Cruise travel, notably, has grown exponentially in recent years in the Chinese outbound travel market and, being regarded as relatively safe and predictable as well as being ready to provide Chinese-appropriate services to passengers, is well-suited to ‘6plus1’ groups, consisting of four grandparents, two parents and one child.
With the Norwegian Joy already offering numerous services suited to Chinese tastes of various generations – including luxury shopping activities and virtual reality games, as well as providing connected staterooms specially devised for extended Chinese families – the use of traditional entertainment aimed predominantly at older travellers as a means of promoting high-end cruise packages is a clear indication of the pulling power this demographic group.
Typically-speaking, a Chinese family group that might book a Norwegian Joy cruise package would consist of a wealthier couple paying to take their older parents on an overseas trip (often for the first time) in a comfortable, secure and luxurious environment as a means of ‘repaying’ them for having too little free time to properly care for them – as is expected in Chinese society. Furthermore, bringing their child along provides it with the opportunity to see the world as an educational experience.
Nevertheless, grandparents taking a trip with their extended family is not the only form of outbound travel for Chinese ‘best ager’ tourists.

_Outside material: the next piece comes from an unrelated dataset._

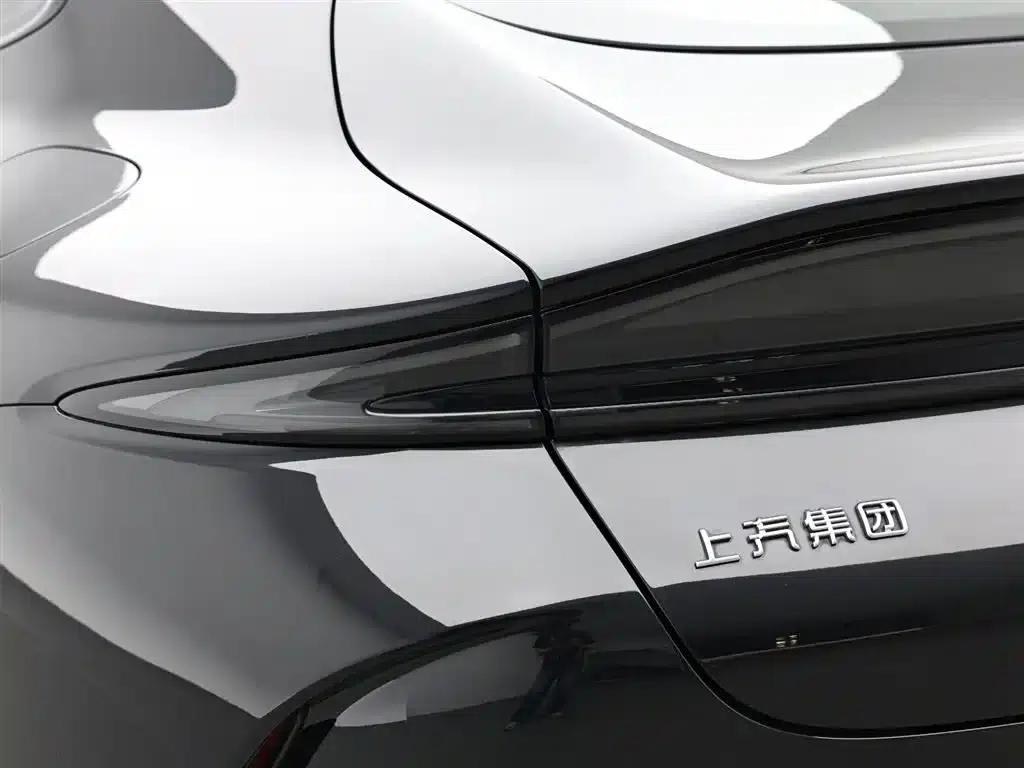 Zhiji L6 2024 Max Standard Edition — миниатюра 7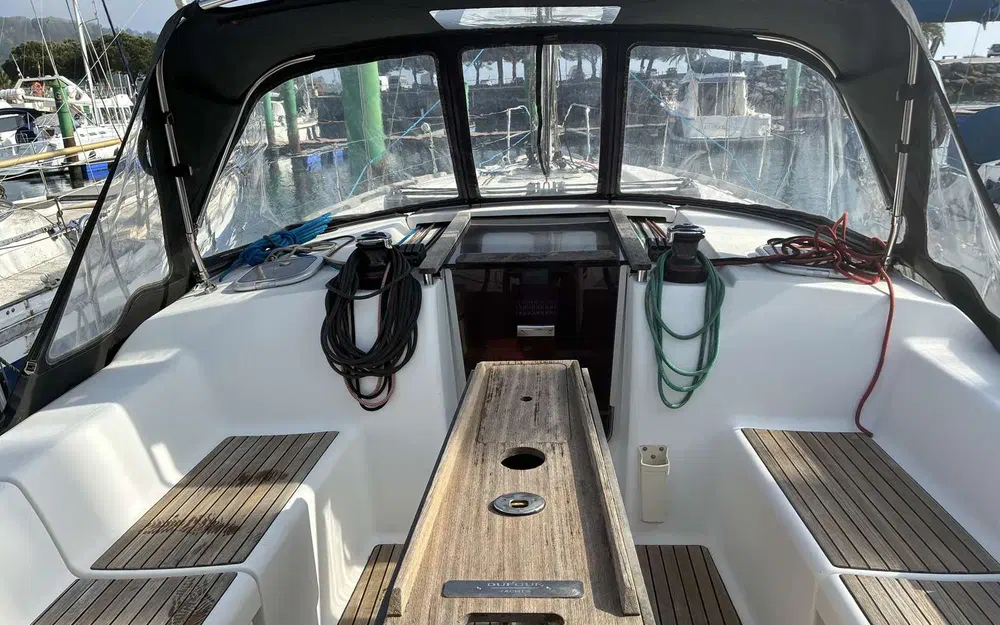 slider 21 Dufour 375 Grand Large Adventure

At one end of the market, many older tourists travel as part of a group, allowing them to experience foreign destinations and cultures within the comfort of a Chinese-speaking ‘bubble’, while at the other end there are growing numbers of more experienced travellers prepared to travel independently.
The means by which older Chinese outbound tourists travel, however, can be greatly influenced by the age they were during China’s economic boom; those born in the 1940’s or earlier were typically too old to have benefitted from the country’s economic growth themselves and are more likely to be bought overseas trips by their busy wealthy children, while Chinese born in the 1950’s would have benefitted more directly from the economic landscape in the 1990’s meaning they may already have international experience. Accordingly, among the 1950’s-born generation, there are greater numbers of tourists willing to travel independently and pay for their own trips themselves as they reach (semi-) retirement age.
While the number of over 60’s in China numbered 230 million in 2016, accounting for 17% of all Chinese, this figure is set to increase to 280 million by 2025, making up 20% of the country’s population. With as many as 80% of older Chinese citizens expressing their desire to travel internationally – regarding it as a means of broadening their horizons and staying healthy – the Chinese outbound tourism market is set to continue to develop alongside the demographic profile of travellers.
For a greater insight into the topic of ‘silver’ Chinese outbound travellers, you can watch the latest episode of the China Outbound Travel Pulse video series.
For more information on the series, please visit http://china-outbound.com/dragon-trail-cotri-travel-pulse-videos/
Citation: Norwegian Cruise Line Holdings Ltd.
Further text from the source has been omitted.